The rest of the problem is tied to collapsing prices. The S&P/Case-Shiller Home Price Index says home prices have dropped 21% on average nationally from their peak, and in some of the worst hit areas, like Phoenix, they've dropped as much as 40%. What this means in many cases is that people who can no longer make their mortgage payments also cannot sell their house for enough to pay off their mortgage. The houses are worth less than what is owed on them.

Here’s my question to you: What should the government be doing, if anything, to help homeowners?

Interested to know which ones made it on air?

Dina from Ashland, Virginia writes:
Right now, my husband and I are working, so we can pay our mortgage. But who knows what the future holds? I'd like the government to mandate that mortgage companies be more flexible when homeowners have to deal with the unexpected like unemployment, death of a spouse, and illness. The first course of action should not be foreclosure.

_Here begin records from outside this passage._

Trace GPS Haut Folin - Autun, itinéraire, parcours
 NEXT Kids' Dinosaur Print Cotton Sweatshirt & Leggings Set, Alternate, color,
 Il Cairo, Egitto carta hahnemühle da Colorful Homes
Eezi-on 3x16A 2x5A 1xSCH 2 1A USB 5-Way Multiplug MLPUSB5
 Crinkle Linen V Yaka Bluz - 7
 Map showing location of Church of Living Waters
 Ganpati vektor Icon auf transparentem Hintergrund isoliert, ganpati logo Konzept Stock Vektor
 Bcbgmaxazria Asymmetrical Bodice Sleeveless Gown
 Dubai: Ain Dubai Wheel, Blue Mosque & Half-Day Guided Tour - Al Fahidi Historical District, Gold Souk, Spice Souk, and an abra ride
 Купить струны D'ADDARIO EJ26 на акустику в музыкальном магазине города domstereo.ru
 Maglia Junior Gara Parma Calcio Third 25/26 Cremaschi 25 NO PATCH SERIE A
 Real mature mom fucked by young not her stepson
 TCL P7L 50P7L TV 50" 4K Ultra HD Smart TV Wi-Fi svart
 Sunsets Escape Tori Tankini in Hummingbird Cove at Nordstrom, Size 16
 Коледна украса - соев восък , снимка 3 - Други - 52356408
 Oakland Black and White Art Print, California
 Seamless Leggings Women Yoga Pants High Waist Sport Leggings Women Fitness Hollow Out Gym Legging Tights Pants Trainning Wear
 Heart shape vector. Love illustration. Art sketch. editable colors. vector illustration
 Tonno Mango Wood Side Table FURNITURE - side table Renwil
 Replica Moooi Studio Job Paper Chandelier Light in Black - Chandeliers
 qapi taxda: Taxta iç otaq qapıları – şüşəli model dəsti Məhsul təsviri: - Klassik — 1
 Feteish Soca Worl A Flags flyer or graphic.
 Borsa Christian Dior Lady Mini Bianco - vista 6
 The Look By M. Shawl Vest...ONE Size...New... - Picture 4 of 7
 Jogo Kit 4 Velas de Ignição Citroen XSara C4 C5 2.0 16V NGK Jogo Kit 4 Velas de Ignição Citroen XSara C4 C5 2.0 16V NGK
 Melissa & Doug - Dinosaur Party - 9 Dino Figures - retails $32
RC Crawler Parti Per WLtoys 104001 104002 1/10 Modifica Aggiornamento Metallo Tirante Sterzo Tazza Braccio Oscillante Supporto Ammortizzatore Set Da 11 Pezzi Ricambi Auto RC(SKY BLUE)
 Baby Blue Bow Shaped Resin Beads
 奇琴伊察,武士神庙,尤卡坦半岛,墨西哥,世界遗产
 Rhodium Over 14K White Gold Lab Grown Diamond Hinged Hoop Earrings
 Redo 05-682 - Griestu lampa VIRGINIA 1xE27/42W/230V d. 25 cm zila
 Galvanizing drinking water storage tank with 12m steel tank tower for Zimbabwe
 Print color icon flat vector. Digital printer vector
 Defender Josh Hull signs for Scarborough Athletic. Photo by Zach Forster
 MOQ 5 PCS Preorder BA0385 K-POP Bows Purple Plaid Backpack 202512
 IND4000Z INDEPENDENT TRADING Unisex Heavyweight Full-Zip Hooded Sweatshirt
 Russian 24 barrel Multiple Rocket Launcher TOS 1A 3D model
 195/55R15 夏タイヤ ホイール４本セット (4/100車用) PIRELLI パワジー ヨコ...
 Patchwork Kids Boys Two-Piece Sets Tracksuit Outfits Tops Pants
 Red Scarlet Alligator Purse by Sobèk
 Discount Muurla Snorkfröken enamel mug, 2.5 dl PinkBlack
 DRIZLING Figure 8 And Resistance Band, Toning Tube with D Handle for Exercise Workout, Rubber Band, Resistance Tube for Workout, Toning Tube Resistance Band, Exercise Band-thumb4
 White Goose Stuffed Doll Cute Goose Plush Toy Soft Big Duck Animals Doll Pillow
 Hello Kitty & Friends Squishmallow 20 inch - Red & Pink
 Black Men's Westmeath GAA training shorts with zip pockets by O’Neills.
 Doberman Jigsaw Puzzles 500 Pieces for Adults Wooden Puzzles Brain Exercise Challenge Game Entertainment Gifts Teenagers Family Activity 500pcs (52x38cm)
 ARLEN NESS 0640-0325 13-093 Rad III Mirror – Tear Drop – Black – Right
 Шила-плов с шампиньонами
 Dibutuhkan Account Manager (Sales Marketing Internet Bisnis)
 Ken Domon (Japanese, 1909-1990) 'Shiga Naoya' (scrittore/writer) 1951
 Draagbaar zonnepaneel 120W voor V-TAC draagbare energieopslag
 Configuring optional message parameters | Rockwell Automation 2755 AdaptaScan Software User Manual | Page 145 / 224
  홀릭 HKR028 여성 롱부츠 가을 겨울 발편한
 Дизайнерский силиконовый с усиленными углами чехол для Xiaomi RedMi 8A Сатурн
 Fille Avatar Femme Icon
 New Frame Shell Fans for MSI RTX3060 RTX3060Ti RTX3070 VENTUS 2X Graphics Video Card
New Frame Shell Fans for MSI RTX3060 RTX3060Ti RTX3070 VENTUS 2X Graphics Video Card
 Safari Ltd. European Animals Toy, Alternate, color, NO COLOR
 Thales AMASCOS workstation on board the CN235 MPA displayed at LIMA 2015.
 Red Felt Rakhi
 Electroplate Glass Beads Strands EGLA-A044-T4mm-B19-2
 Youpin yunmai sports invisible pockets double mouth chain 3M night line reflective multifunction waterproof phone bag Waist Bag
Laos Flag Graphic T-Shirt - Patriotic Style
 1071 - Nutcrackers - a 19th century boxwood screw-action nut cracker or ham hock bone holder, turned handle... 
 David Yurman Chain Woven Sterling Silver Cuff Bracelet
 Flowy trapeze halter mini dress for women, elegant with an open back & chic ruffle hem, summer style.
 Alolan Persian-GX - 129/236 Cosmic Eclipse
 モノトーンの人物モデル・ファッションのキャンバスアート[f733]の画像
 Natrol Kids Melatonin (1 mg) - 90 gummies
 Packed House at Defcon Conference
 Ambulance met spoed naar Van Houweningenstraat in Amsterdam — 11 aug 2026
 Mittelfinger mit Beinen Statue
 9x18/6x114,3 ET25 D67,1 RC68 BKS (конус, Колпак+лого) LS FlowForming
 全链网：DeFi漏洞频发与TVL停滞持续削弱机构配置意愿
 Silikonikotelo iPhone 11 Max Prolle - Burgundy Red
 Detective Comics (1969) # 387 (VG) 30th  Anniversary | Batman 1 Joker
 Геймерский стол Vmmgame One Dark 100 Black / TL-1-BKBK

Barbara from North Carolina writes:
Why should we all have to pay for the mistakes those homeowners made? Some of us rent, we get hit with the taxes and the ones who made mistakes get our money. Where's my payment for not going in over my head?

Ron from San Diego, California writes:
Hi Jack: Instead of giving the money to the banks. The federal government should offer refinancing directly. A direct loan program for distressed homeowners at a low fixed rate. That way their payments would be a lot lower. In addition, they would not be in danger of losing their house.

Barry from Granger, Indiana writes:
As a realtor that works with people going into foreclosure in Northern Indiana, the big need is for job creation right now. Elkhart County has an unemployment rate of 12.4% due to lack of manufacturing jobs right now. Other than jobs, I would like to see a loan modification system that makes sense for owner occupants, not for the person whose summer beach house is in foreclosure. The banks need a clear system. Most everybody I come in contact with that is in foreclosure tells me that the bank will not work with them.

Linda from Charleston, South Carolina writes:
Mandatory refinancing of ARM mortgages that should not have happened in the first place.

John writes:
Jack, Why not give each eligible voting Americans $250,000. Tax them on it. Create a mandatory mortgage payoff and purchase of an American automobile. Instant stimulus package. Why give more money to people who screwed it up the first time?